Start of Block

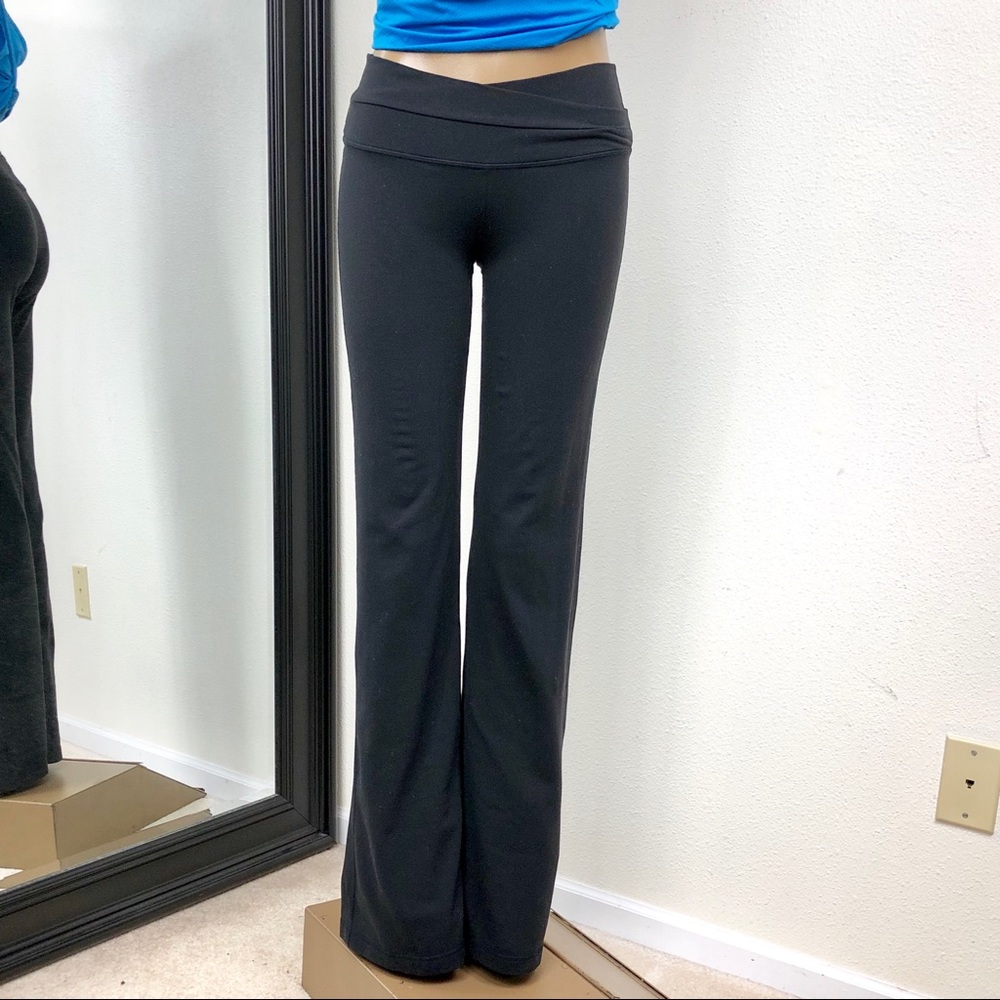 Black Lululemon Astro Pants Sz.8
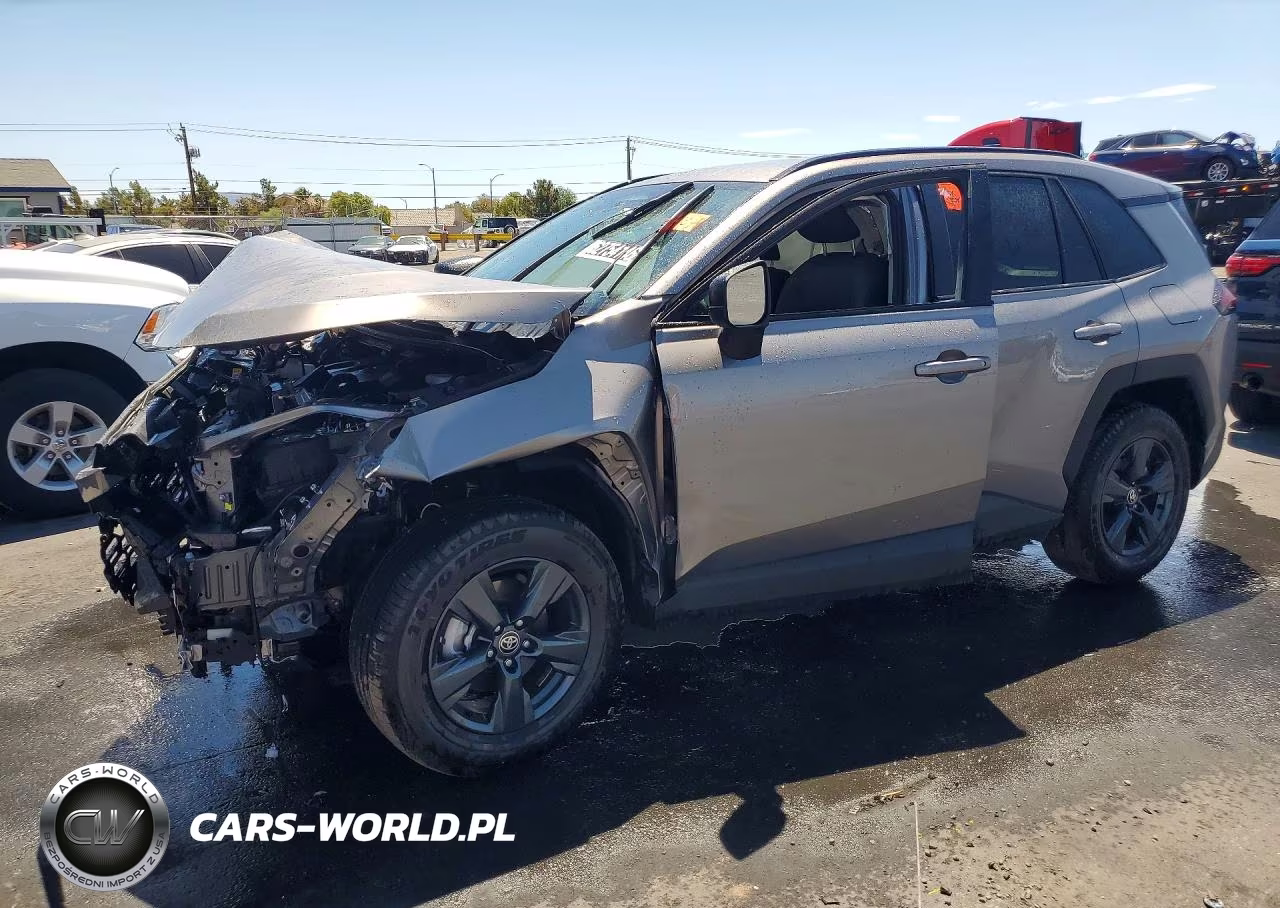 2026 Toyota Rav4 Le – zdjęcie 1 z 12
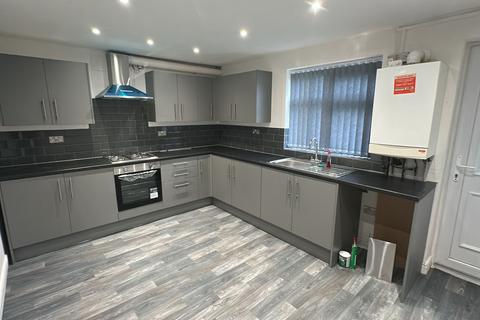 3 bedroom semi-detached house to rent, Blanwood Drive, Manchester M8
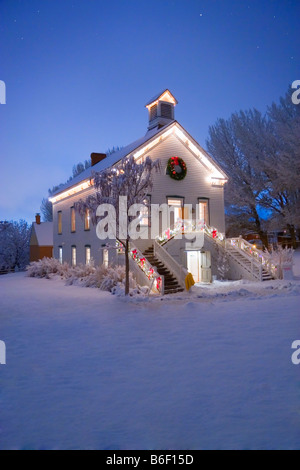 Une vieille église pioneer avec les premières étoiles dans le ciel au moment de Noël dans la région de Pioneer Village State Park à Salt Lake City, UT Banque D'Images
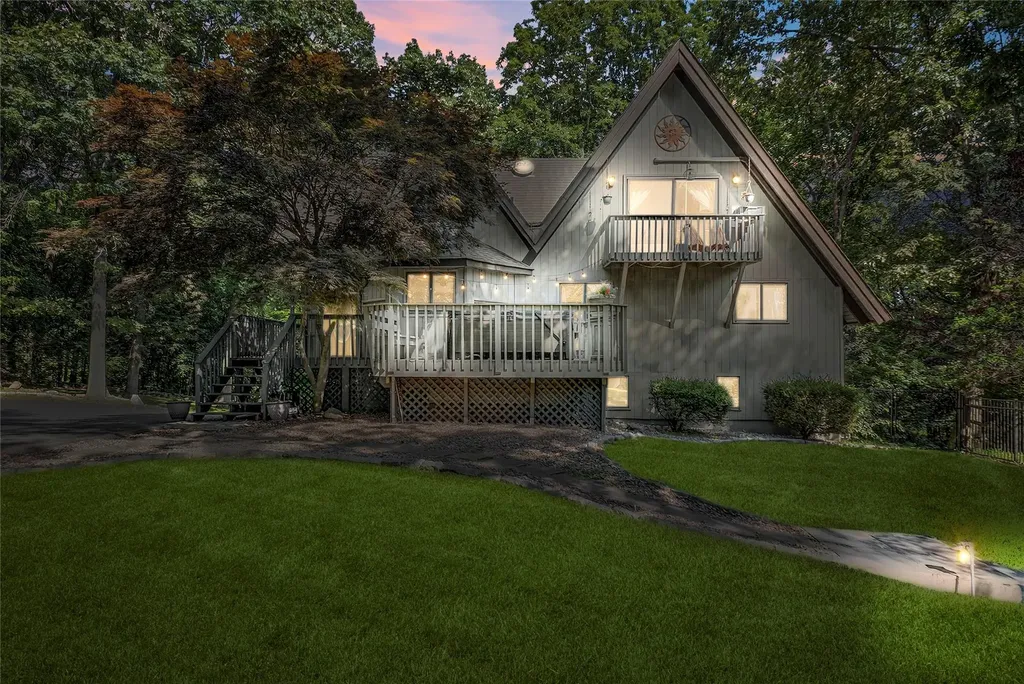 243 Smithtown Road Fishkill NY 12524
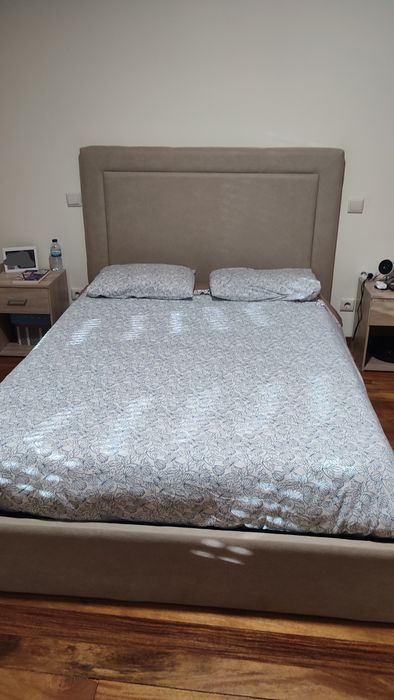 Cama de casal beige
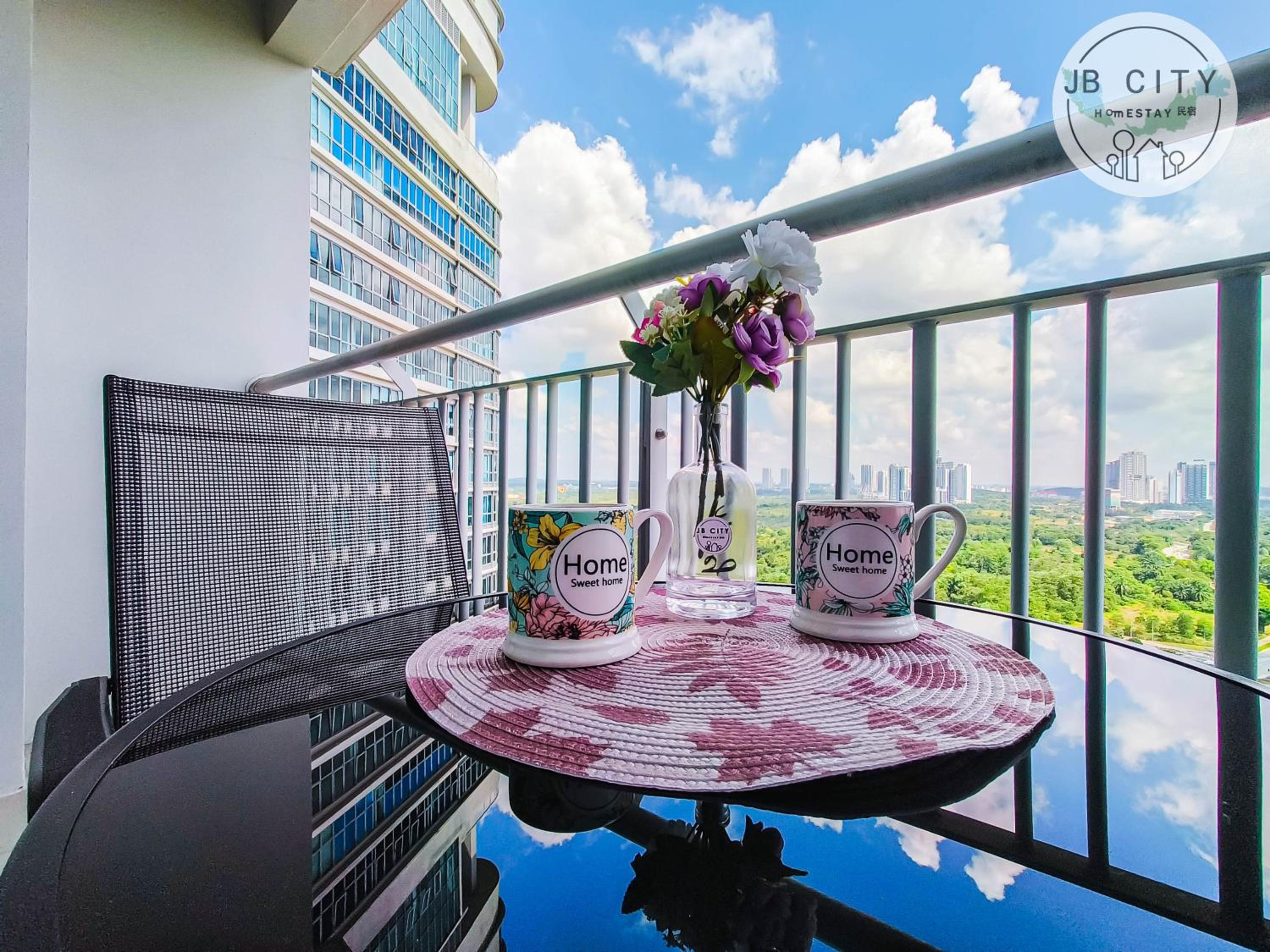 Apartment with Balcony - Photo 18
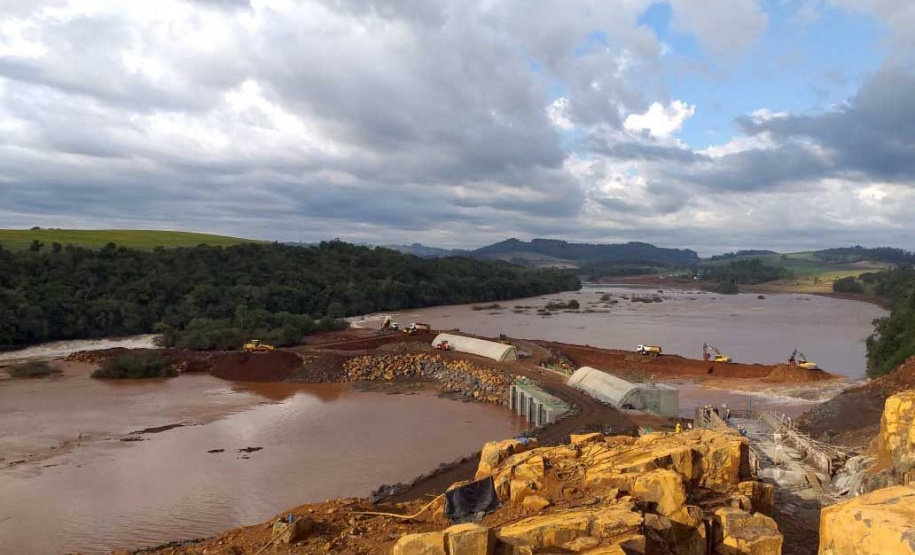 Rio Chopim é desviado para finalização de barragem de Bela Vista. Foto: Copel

End of Block

PROBLEM REQUIREMENTS:
Reproduce all of the data exactly, omitting each picture it holds.

SOLUTION TO THIS PROBLEM:
 Black Lululemon Astro Pants Sz.8
 2026 Toyota Rav4 Le – zdjęcie 1 z 12
 3 bedroom semi-detached house to rent, Blanwood Drive, Manchester M8
 Une vieille église pioneer avec les premières étoiles dans le ciel au moment de Noël dans la région de Pioneer Village State Park à Salt Lake City, UT Banque D'Images
 243 Smithtown Road Fishkill NY 12524
 Cama de casal beige
 Apartment with Balcony - Photo 18
 Rio Chopim é desviado para finalização de barragem de Bela Vista. Foto: Copel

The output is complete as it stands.